--- Exercise directions ---
Without any pictures, retype exactly the lines that begin at the one holding "Sticker Crossfit Instruktor" and end at the last line of the data below.

--- Data provided ---
*** Begin section ***

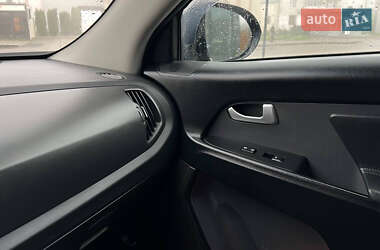 Внедорожник / Кроссовер Kia Sportage 2010 в 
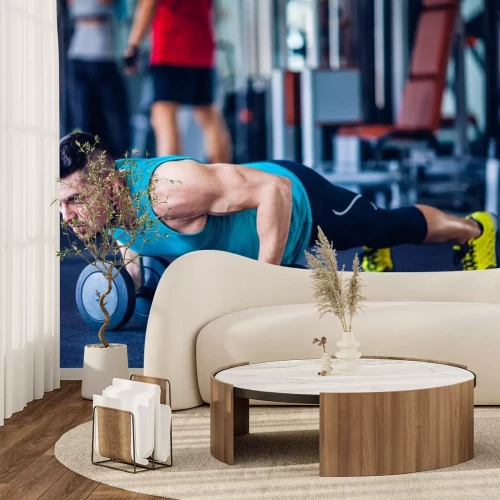 Sticker Crossfit Instruktor in der Turnhalle machen Liegestütze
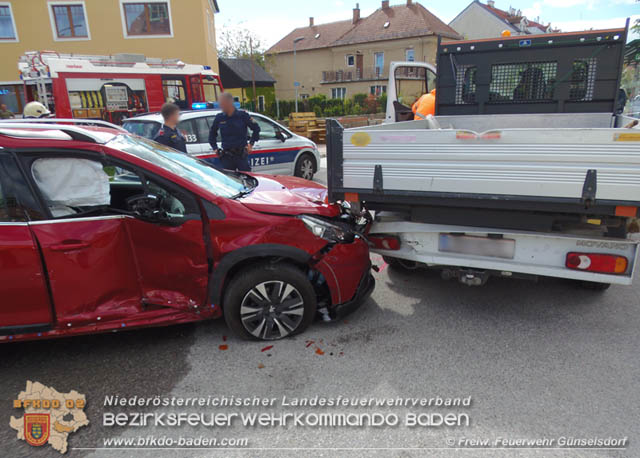 20190510 Verkehrsunfall im Zentrum Blumau-Neurißhof  Foto: © Freiwillige Feuerwehr Günselsdorf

*** End section ***

--- Your response ---
 Sticker Crossfit Instruktor in der Turnhalle machen Liegestütze
 20190510 Verkehrsunfall im Zentrum Blumau-Neurißhof  Foto: © Freiwillige Feuerwehr Günselsdorf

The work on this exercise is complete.